I'd love to go to this exhibition. There were only a few Ron Mueck pieces in the Saatchi Gallery when I went, but they captured my attention more than skanky beds and stuffed sharks.
August 14, 2006
Incidentals
Three things that caught my eye on the walk between our hotel and Siam Square on the one Bangkok day I did bother to stop for photos.
Components of a street stall. Some assembly required.
Check out what I think is the only anti-Singapore graffiti I've ever seen in my life. [Backstory]
You're A Shopfront, Charlie Brown!
August 10, 2006
Hips Don't Lie
In a small Siam Square boutique selling office wear, I noticed that the friendly sales assistant serving me had a prominent Adam's apple, low husky voice, and gargantuan feet spilling out of her strappy heels.
I picked out a top I wanted to try on. "This one, got my size?"
She approached me with a tape measure, encircled my shoulder blades with it dramatically, and measured my bust. "Okay," she nodded.
I picked out a skirt I wanted to try on. "This one, also got my size?"
She approached me with a tape measure, encircled my butt with it dramatically, and measured my hips. "OOOOO!" she giggled, covering her mouth as her mascara'd eyelashes fluttered in alternate shock and glee.

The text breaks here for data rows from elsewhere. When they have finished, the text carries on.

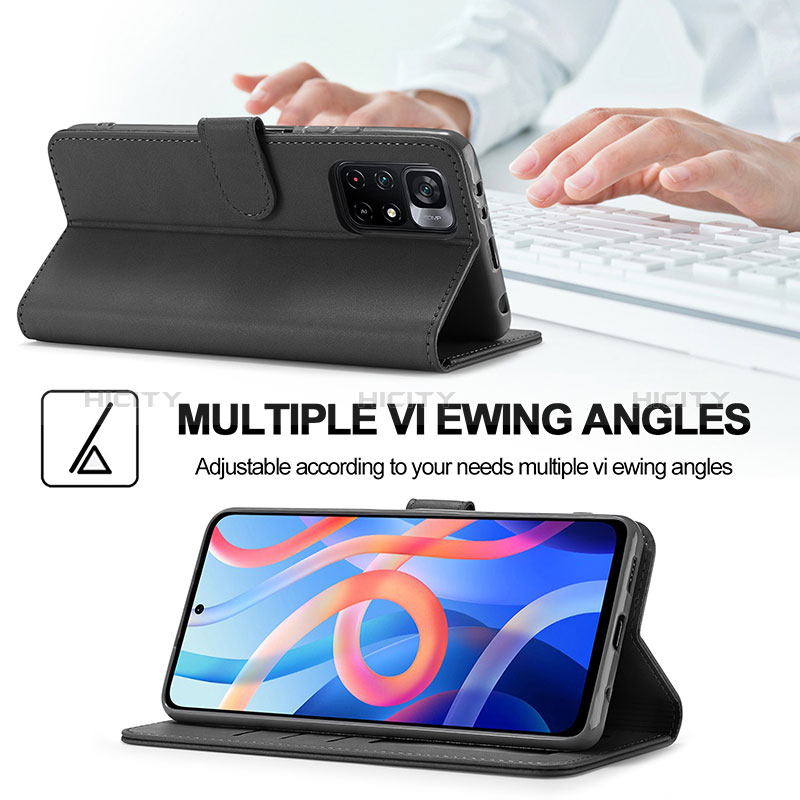 Custodia Portafoglio In Pelle Cover con Supporto LC1 per Xiaomi Poco M4 Pro 5G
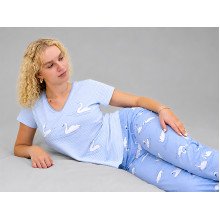 Women's cotton T-shirt and pants pajamas, size M, blue, Swans (34167\66)
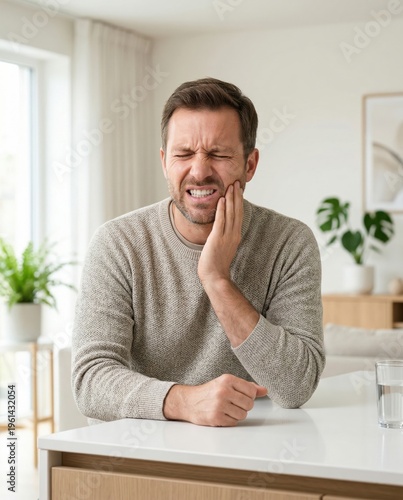 Young man suffering from severe toothache and dental pain at home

"Sorry ma'am, this one don't have large size."
August 7, 2006
He Was As Long As His Song Names
While I try to find the time to write about the Bangkok tranny who laughed out loud at the immensity of my hips, and the go-go boys who played soccer with their dicks, you may wish to partake of some rather more refined knob jokes. I present to you hipster erotica:
"Sufjan Stevens and I sat on the edge of my bed and talked for hours about everything. It sounds dumb to say it, but he actually gets me. He said that I was one of the most genuine people he’d ever met, and that I was actually cool, not like one of those people who obviously wants to be cool, but who just is, like a coolness that comes from deep within and is as much a refutation of cool as an embrace of it."
August 4, 2006
Blip
The quick news, which is all I have time to write in my free 15 minutes Internet in the Changi departure lounge, is that Fay's bald head has now raised over $10,000, Mogwai was pretty amazing and played Xmas Steps which is my favourite song on my favourite Mogwai album (EP + 6), and today I'm off to Bangkok for a bachelorette party. And of course, I haven't finished writing about the Kuching trip, the Vietnam trip, last summer's Europe trip, any of the music I've been listening to lately, any of the books that make my commute bearable, the Singapore Idol greatness that is Mathilda D'Silva singing Led Zeppelin, the Grey's Anatomy hilarity that is Dr Bailey saying "O'Malley! Stop. Lookin'. At my va-jay-jay!", my attempts at combining a weight loss regime and Japanese all-you-can-eat buffets, and of course nothing at all, at all, about how work is reducing me to a pale shadow of the person I once was.